O conjunto de alterações ofertados pelas edições instantâneas fomenta na nova modalidade da prática do racismo

A história mitológica de Narciso retrata sobre um jovem vaidoso que possuía o rosto e o corpo belo, os quais fizeram com que ele desprezasse diversas pretendentes e se encantasse por si mesmo ao observar seu reflexo na beira de um rio. A história difundida na Grécia Antiga é evidenciada atualmente nas postagens do mundo cibernético, publicações essas que não refletem a realidade imagética dos seus usuários, uma vez que esta é manipulada por meio de filtros que distorcem os traços específicos dos indivíduos. Portanto, depreende-se que tais efeitos incentivam a perversa atividade do racismo, além de incentivarem o aumento de cirurgias plásticas entre jovens.

É sabido que o mundo digital faz parte da rotina da maioria dos brasileiros e que o país encontra-se na quinta posição do ranking mundial de nações que mais usam internet, segundo dados divulgados pelo governo federal. Sob essa pesquisa, torna-se notória a alta utilização das redes sociais pela sociedade, sobretudo pela comunidade infanto-juvenil. Esse espaço reservado para que possamos interagir uns com os outros influencia a nossa construção e percepção de beleza por intermédio da mais recente ferramenta e variedade de filtros, os quais alteram não só a luminosidade e a nitidez da foto como também aumentam os olhos, aumentam os lábios, modificam a forma do rosto, limpam e clareiam a pele, afinam o nariz, dentre outras deturpações.

Tais ferramentas estão facilmente disponíveis nas plataformas de interação social, como Facebook, Snapchat, Instagram e TikTok. Além disso, o seu uso, para a publicação de fotos e vídeos sem a respectiva identificação de tal modificação, faz com que a população juvenil procure encaixar-se nesses padrões de “perfeição” dentro e fora das telas do celular, e essa incessante busca impulsiona tanto o menosprezo à cor da pele e às características faciais dos descendentes afrobrasileiros quanto o disparo por demanda de procedimentos estéticos, como rinoplastia, harmonização facial, preenchimento labial, tratamentos químicos para embranquecer a pele, etc. Isso sem contar com o agravamento do suicídio entre jovens.

Como comprovação das afirmações aludidas, traz-se estudos, como o da Sociedade Brasileira de Cirurgia Plástica, o qual estima um aumento de 177% no número de procedimentos estéticos e reparadores realizados no país entre 2008 e 2018. Entre adolescentes de até 18 anos, o número chega a 115 mil cirurgias plásticas por ano.

Há também o estudo realizado por cirurgiões da Academia Americana de Plástica Facial e Cirurgia Reconstrutiva, o qual mostra que 72% deles foram procurados por pacientes que queriam realizar procedimentos para ter uma melhor aparência em selfies no ano de 2019, um aumento de 15% em relação à pesquisa feita em 2018.

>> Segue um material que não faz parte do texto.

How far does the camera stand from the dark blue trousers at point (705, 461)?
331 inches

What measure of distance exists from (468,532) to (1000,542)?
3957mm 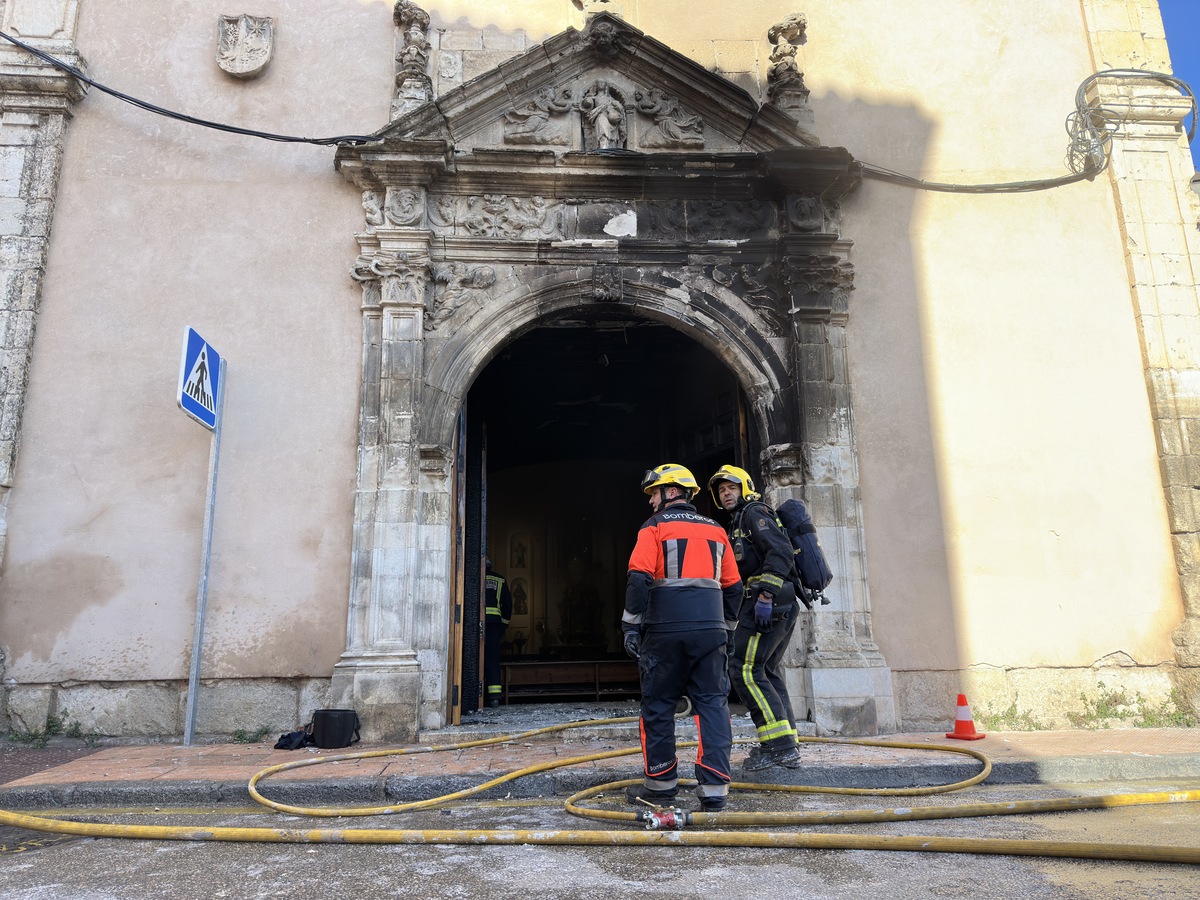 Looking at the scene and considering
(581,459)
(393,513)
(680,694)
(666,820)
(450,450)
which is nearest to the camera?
(666,820)

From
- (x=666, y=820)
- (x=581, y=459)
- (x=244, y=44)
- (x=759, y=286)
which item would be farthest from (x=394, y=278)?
(x=581, y=459)

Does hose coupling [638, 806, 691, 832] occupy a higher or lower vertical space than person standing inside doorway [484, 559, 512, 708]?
lower

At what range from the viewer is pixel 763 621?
16.5 ft

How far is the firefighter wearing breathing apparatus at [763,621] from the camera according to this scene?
195 inches

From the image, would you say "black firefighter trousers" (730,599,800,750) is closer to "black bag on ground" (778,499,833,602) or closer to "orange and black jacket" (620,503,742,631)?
"black bag on ground" (778,499,833,602)

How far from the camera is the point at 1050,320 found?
25.9 feet

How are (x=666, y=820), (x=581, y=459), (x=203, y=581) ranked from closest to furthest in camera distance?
(x=666, y=820), (x=203, y=581), (x=581, y=459)

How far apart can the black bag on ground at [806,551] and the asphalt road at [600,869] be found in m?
1.70

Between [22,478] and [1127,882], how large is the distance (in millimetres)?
7591

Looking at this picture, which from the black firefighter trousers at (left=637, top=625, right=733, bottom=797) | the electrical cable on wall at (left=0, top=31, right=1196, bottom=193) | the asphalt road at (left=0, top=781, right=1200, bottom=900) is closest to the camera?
the asphalt road at (left=0, top=781, right=1200, bottom=900)

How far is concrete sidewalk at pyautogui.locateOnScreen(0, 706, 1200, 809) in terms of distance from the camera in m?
4.61

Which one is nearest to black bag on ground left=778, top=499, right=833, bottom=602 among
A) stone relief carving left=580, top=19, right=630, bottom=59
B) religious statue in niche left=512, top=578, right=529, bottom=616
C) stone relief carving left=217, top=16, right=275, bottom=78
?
stone relief carving left=580, top=19, right=630, bottom=59

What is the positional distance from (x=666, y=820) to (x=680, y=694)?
0.79 m

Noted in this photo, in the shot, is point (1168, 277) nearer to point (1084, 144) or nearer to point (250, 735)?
point (1084, 144)
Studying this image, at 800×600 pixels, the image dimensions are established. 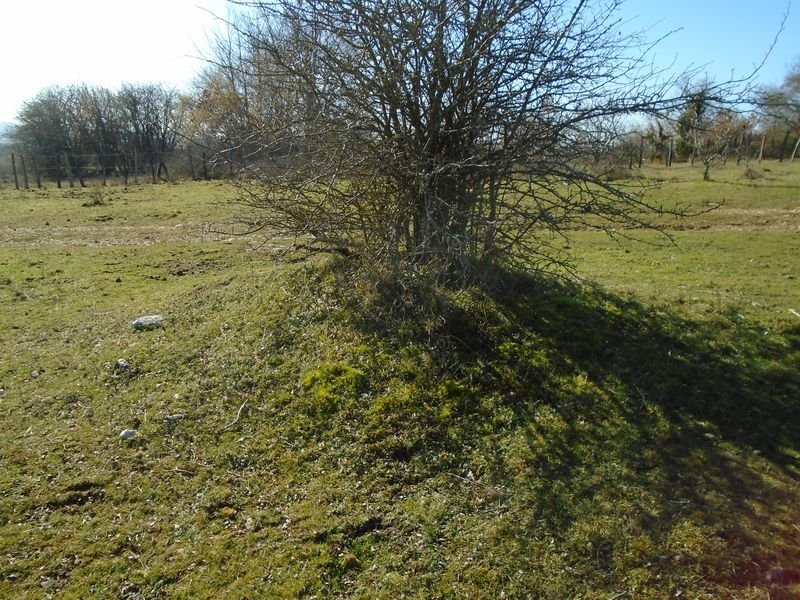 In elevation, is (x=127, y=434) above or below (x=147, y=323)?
below

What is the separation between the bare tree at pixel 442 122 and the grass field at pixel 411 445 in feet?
2.97

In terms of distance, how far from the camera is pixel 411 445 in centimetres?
460

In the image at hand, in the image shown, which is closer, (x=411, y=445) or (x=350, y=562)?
(x=350, y=562)

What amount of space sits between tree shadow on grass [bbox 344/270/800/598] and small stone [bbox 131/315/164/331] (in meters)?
3.42

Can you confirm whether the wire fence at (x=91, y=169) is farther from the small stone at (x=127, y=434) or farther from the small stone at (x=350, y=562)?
the small stone at (x=350, y=562)

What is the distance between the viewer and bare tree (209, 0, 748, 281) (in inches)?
197

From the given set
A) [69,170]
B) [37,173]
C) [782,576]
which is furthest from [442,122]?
[69,170]

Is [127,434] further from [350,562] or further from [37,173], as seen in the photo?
[37,173]

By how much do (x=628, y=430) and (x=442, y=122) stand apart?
3290mm

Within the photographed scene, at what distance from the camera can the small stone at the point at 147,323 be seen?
763 centimetres

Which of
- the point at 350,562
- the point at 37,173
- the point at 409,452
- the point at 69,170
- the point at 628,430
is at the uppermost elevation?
the point at 69,170

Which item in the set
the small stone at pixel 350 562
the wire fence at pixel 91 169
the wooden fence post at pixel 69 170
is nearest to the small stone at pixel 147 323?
the small stone at pixel 350 562

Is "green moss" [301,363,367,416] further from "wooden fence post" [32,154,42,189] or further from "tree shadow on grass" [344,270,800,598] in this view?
"wooden fence post" [32,154,42,189]

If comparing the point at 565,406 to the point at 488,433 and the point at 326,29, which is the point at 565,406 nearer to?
the point at 488,433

Em um país cuja a maioria de sua população é constituída por negros, os quais possuem o fenótipo do nariz ou arredondado ou achatado, a dismorfia e a autonegação da aparência entre adolescentes e jovens adultos fazem com que eles não distinguem os limites entre o real e o virtual daquilo que veem nas redes sociais. Por isso, torturam-se para atingir a “imagem ideal” que, muitas vezes, existe somente em decorrência dos programas de edição.

Para tanto, evidencia-se que as ferramentas de filtros de aparência oferecidas pelas plataformas de contato e comunicação social são propagadoras do racismo, já que fazem uso da alteração facial dos traços característicos da etnia afrobrasileira. Essa ilusória perfeição se desdobra no alarmante aumento de cirurgias plásticas e também do suicídio quando não se consegue atingir o padrão imposto para, assim, viver como Narciso: apaixonado por seu próprio reflexo.